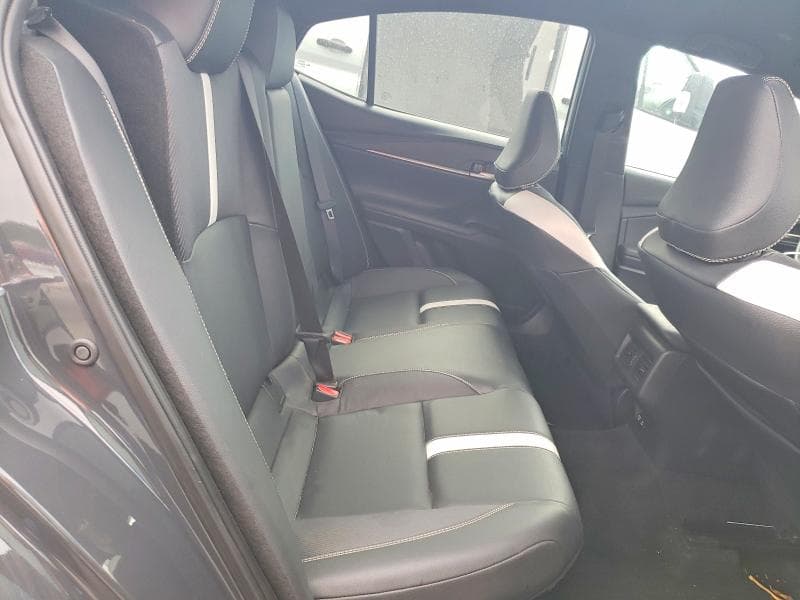2025 TOYOTA CAMRY SE 10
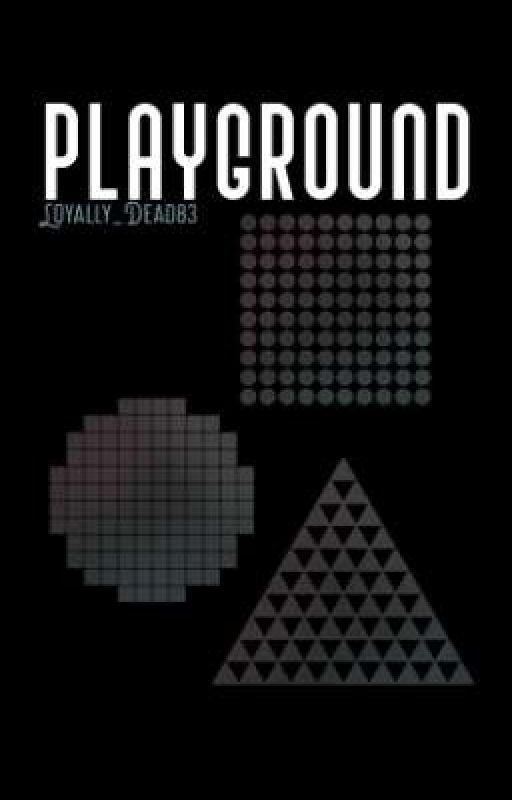 Playground [SQUIDGAME] by Loyally_Dead83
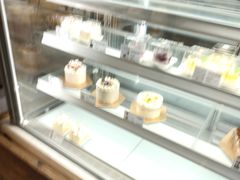 -匠造烘焙(上海湾店)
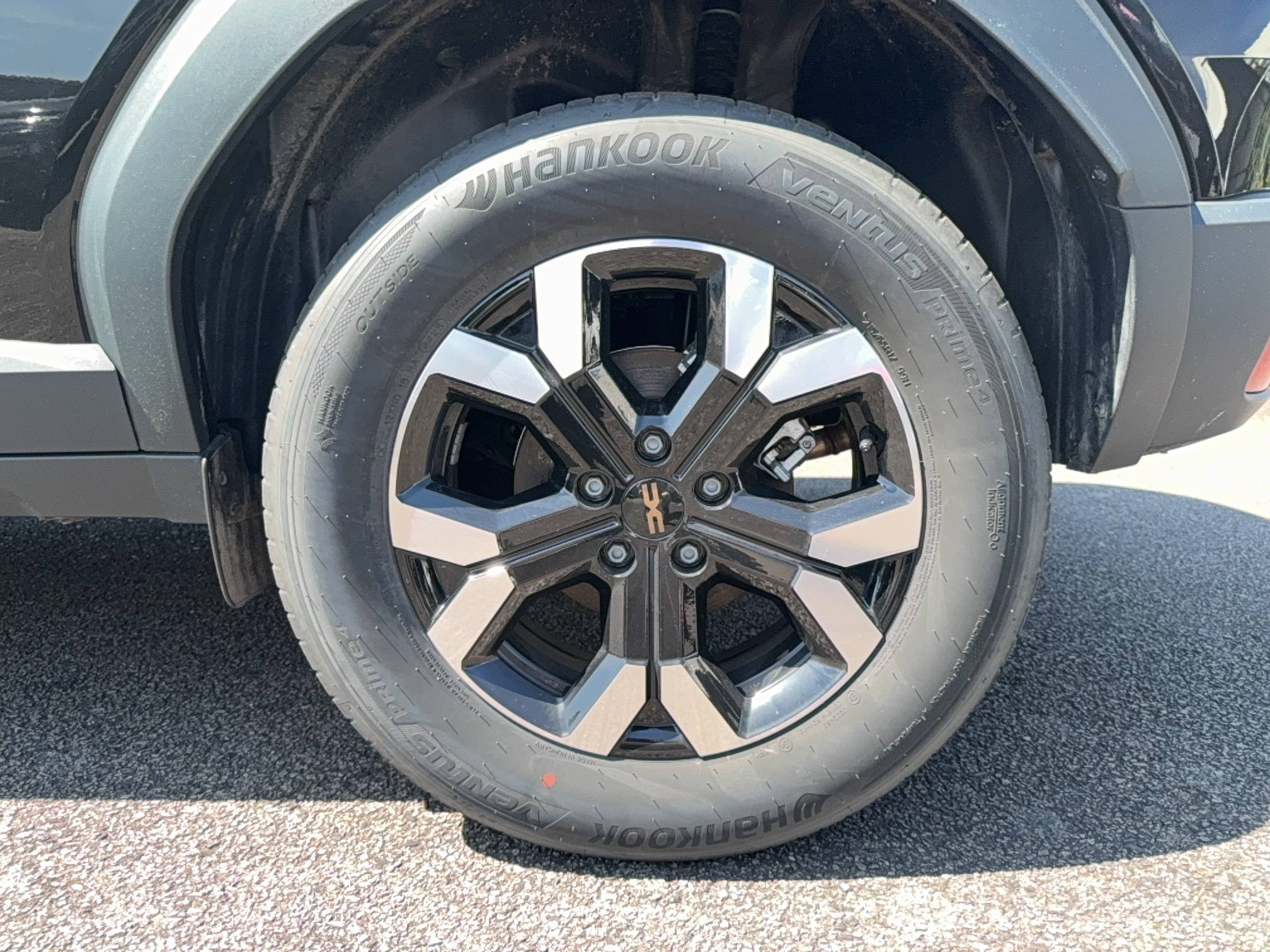 Vente en ligne Dacia Duster  Hybrid 140 au prix de 26 990 €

WORK TASK: What is needed is a word-for-word copy of the data, minus its pictures.

TASK RESULT:
2025 TOYOTA CAMRY SE 10
 Playground [SQUIDGAME] by Loyally_Dead83
 -匠造烘焙(上海湾店)
 Vente en ligne Dacia Duster  Hybrid 140 au prix de 26 990 €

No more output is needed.